La 3FA refuse de considérer les joueurs professionnels comme des travailleurs ordinaires, mais devant les demandes d’audition du syndicat, elle finira par charger sa “Commission du statut professionnel” de prendre contact. Dans une “mise au point” publiée dans L’Auto, la FFFA nous dit que cette commission a entendu “à trois ou quatre reprises les représentants du syndicat“, Pierre Bertrand et Charles Cros. Ceci dit, les revendications du syndicat – assurance en cas de blessure, augmentation des salaires de 20% ou encore plus de pouvoir de décision – restent lettre morte.

Face à la fermeté des instances, échec des grèves

Les instances bourgeoises freinent des quatre fers pour reconnaître comme un interlocuteur le syndicat, brocardé pour sa véhémence. La personnalité de Jacques Mairesse inquiète les dirigeants. Fin 1936, la 3FA va porter l’estocade en refusant de lui délivrer sa licence professionnelle, afin de le mettre sur la touche de la contestation.

C’est que les dirigeants n’ont guère apprécié l’agitation syndicale et les premières menaces de grève, quelques mois plus tôt, à l’occasion de l’affaire Robert Mercier. L’attaquant du Racing réclamait un dédommagement à la Ligue de Paris après une grave blessure contracté lors d’un match contre une sélection de Montevideo. Encouragés par le syndicat, plusieurs de ses partenaires menaçaient de faire grève et de boycotter le match annuel entre les sélections de Paris et de Budapest. Un accord entre Mercier et la Ligue finira par être trouvé et la grève évitée.

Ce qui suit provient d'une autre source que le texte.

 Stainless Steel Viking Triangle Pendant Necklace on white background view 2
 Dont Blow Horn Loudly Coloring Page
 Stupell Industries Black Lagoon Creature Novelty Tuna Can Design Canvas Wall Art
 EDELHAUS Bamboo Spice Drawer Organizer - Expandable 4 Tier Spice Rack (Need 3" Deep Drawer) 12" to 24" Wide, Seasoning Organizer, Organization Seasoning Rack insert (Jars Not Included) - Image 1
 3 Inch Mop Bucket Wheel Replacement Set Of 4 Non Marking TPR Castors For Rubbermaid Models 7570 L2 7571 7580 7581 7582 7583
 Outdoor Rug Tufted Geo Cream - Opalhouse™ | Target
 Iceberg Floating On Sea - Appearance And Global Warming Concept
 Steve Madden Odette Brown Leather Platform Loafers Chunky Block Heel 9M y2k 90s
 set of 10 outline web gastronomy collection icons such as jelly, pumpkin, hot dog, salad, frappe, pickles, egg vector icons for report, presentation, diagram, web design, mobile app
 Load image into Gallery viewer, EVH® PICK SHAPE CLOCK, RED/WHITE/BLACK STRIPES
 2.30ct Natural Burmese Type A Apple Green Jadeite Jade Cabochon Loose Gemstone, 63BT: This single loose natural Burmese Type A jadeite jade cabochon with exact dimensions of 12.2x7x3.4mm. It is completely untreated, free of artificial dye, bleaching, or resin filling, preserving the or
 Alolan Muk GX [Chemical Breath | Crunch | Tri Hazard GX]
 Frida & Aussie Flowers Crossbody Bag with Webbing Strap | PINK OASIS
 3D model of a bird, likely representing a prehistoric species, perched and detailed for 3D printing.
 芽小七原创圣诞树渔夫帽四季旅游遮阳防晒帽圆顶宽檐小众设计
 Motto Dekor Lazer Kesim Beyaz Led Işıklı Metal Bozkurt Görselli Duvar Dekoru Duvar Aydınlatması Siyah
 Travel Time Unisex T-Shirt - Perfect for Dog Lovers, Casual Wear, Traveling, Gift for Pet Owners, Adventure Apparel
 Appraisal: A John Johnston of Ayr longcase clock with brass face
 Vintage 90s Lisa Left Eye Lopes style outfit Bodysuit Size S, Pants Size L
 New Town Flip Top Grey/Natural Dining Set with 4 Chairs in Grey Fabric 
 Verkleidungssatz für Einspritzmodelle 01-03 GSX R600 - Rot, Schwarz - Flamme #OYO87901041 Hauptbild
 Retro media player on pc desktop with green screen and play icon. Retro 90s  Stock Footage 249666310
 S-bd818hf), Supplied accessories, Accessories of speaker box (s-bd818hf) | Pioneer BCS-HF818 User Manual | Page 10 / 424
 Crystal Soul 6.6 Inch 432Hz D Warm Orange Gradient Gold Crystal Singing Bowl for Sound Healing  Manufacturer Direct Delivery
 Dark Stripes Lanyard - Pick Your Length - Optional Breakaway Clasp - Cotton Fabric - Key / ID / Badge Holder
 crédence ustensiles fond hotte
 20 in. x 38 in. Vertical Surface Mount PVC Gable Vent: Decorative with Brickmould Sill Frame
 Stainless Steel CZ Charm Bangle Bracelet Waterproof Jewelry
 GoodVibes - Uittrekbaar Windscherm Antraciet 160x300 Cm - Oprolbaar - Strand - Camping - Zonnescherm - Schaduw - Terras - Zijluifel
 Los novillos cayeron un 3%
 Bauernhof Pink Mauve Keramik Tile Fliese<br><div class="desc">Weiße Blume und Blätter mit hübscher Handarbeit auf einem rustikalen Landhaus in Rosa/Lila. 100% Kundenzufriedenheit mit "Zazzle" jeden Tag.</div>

A l’approche d’un France-Belgique le 30 janvier 1938, le syndicat appelle officiellement à la grève ce jour-là. Dans son communiqué de presse, il rappelle que depuis sa création “il n’a jamais pu obtenir des pouvoirs dirigeants la moindre amélioration du sort du joueur professionnel.” Les dirigeants méprisent cette tentative de grève, et la presse cherche à décrédibiliser l’action. Avec succès. L’instabilité de la période aura finalement raison du Syndicat des Joueurs Professionnels. La 2nde Guerre mondiale va clore cette première expérience. Si le syndicat n’a pas de conquête sociale à faire valoir, il a à son crédit d’avoir essayé de s’élever contre la toute puissance des dirigeants.